Supplied information >>
---------------
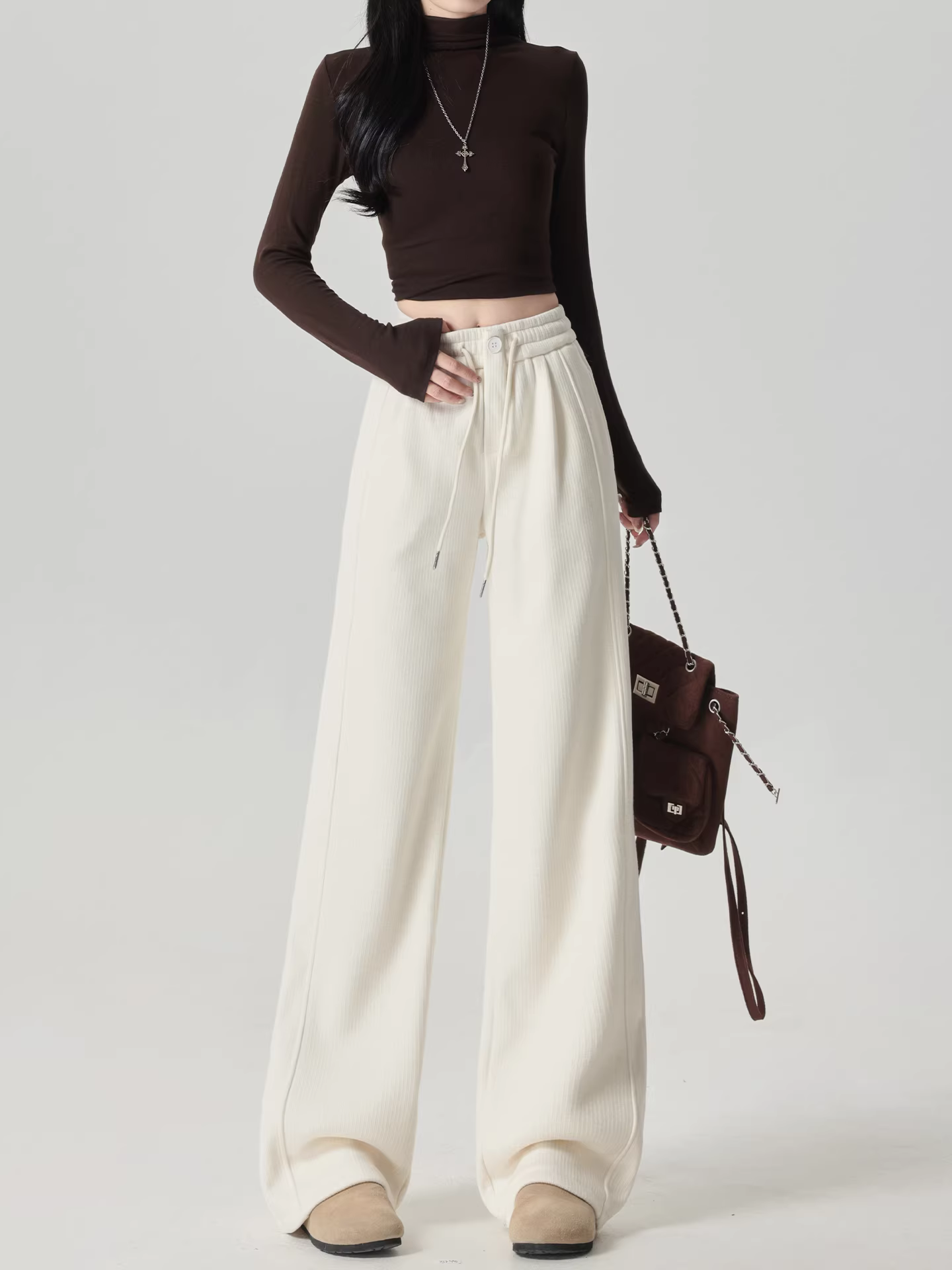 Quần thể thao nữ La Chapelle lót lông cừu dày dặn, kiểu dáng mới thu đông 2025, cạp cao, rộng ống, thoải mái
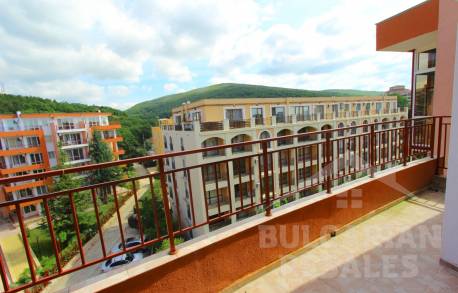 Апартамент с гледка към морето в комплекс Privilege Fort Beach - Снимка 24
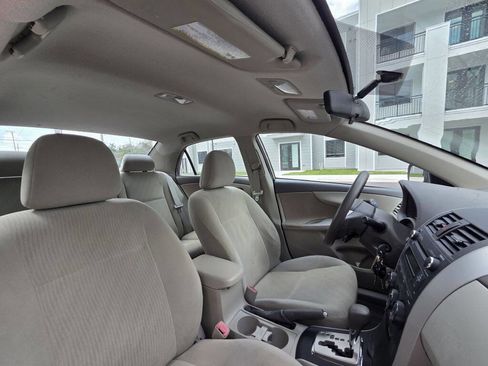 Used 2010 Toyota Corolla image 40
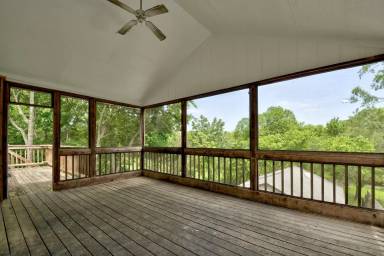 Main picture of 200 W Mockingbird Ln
---------------
Task to complete >> Write out the listing again word for word, but without its pictures.

Solution to the problem >>
 Quần thể thao nữ La Chapelle lót lông cừu dày dặn, kiểu dáng mới thu đông 2025, cạp cao, rộng ống, thoải mái
 Апартамент с гледка към морето в комплекс Privilege Fort Beach - Снимка 24
 Used 2010 Toyota Corolla image 40
 Main picture of 200 W Mockingbird Ln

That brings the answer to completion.